After a time, Peter was sometimes missing of an evening from the worthy coterie at the village inn, and at first his friends could not make out where he got to, or understand his uneasiness on being questioned; but one night Stodge (who was much pitied from the fact that he was dreadfully henpecked and stood in mortal dread of Mrs. Stodge) burst in upon them with pallid face, and

stammered: "God help poor owd Peter! God save him! He's a-courtin' schoolmistress; he's a-courtin' schoolmistress I tell 'ee; oh, Lord!" In his acute sympathy with his friend, Stodge urgently pressed that the vicar should be entreated to offer on the following Sunday a special prayer for one in deadly peril; but in this he was overruled. The fact was, Stodge had seen Peter that evening enter, in full uniform, the little cottage where Miss Brown lived, near the vicarage, and had seen at once that the old sailor was driving fast on to the rock of matrimony.

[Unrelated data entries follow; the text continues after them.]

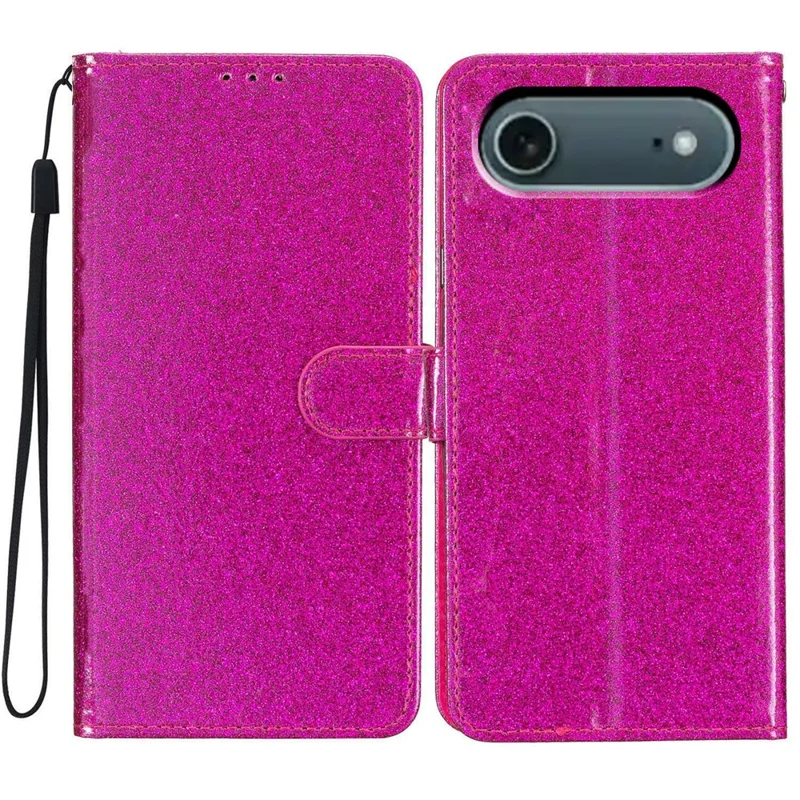 For iPhone 17 Air Wallet Case Glitter Anti-Scratch Leather Stand Phone Cover with Strap - Rose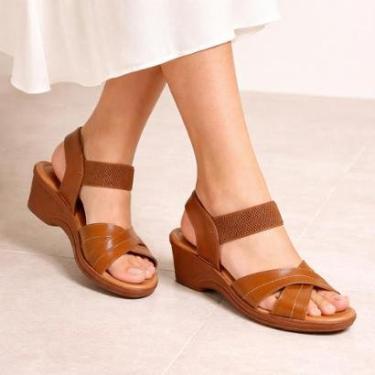 Imagem de Sandália Feminina Ortopedica Anabela Fascite Plantar Esporão-Feminino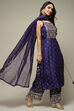 Purple Viscose Asymmetric Printed Kurta Palazzo Suit Set image number 6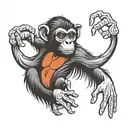 monkey  middle finger tattoo design idea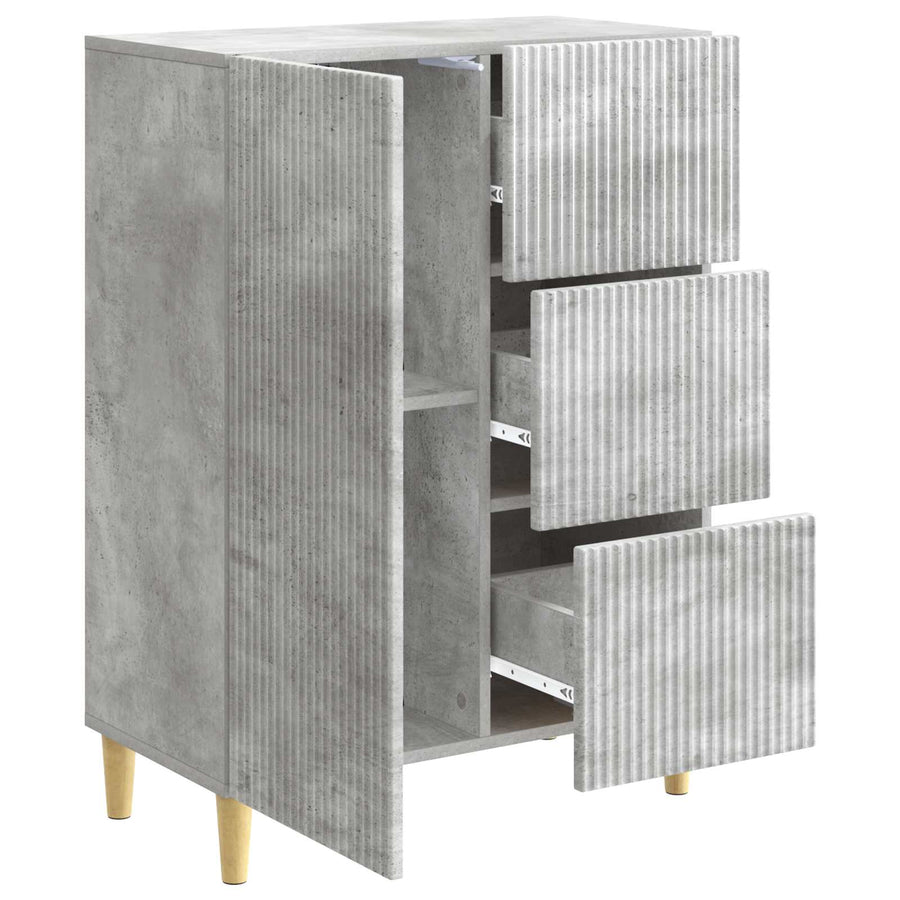 Dressoir met lade Betongrijs 66 x 34,5 x 90 cm Bewerkt hout
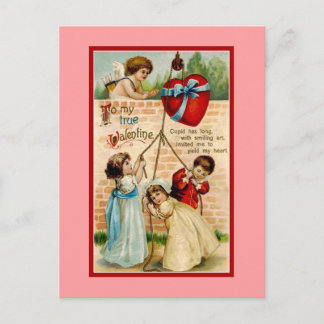 Cartão Postal De Festividades Namorados verdadeiros do vintage, crianças,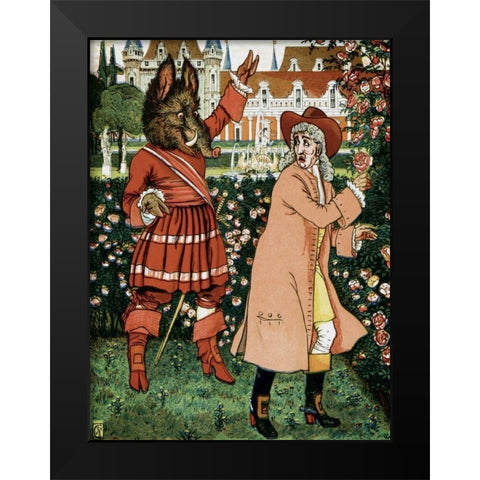 Beauty and the Beast - The Beast in Red Black Modern Wood Framed Art Print by Crane, Walter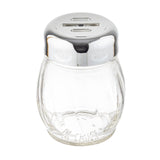 A clear glass cheese shaker with a chrome plated top is shown. The metal lid has two rectangular openings, likely for pouring sugar. The dispenser has a round, curved shape and sits on a white background.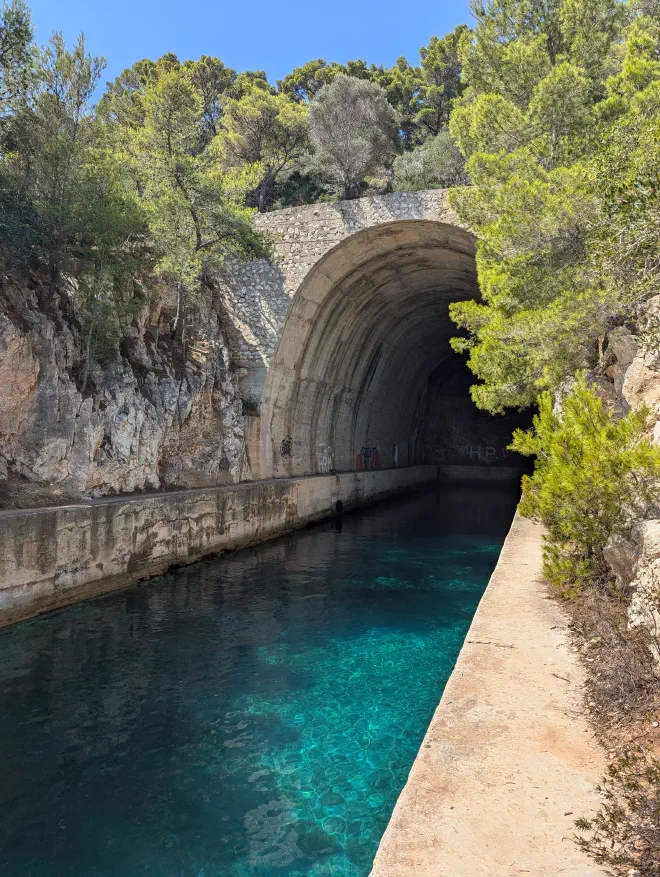 One of the tunnels used to hide a submarine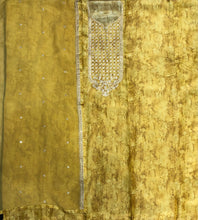 Load image into Gallery viewer, Yellow Shimmer Semistitch Suit With Sequins and Zari Work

There was to be a tea and entertainment one night in the schoolroom (these entertainments being an innovation introduced by Miss Brown), and the children were dismissed early that the room might be prepared: and Peter went to help Miss Brown. They were imprudently left alone together, and suddenly, without a moment's warning, Peter fell on his knees at Mabel's feet, his buttons flying off in all directions, owing to the suddenness of the flop he made. Taking hold very tightly, but very tremblingly, of Mabel's hand, he told her-in very simple and manly words, when his agitation had somewhat subsided-that he loved her very dearly and very truly, and asked her if she would come to him, and make him a prouder and a happier and a better man than he had ever been before. Mabel looked thoughtfully away. It was weary work teaching these children day after day, week after week, month after month with the knowledge that it would in all probability be year after year: and this man at her feet, waiting so eagerly, with the tears in his eyes, for her answer, offered her what she had never had before, a comfortable home of her own where she might be forever free from the anxieties of daily toil. She hesitated awhile, and then she said something which filled Peter's heart with joy, and he sprang to his feet, heedless of another shower of failing buttons, and folded her tenderly in his great strong arms.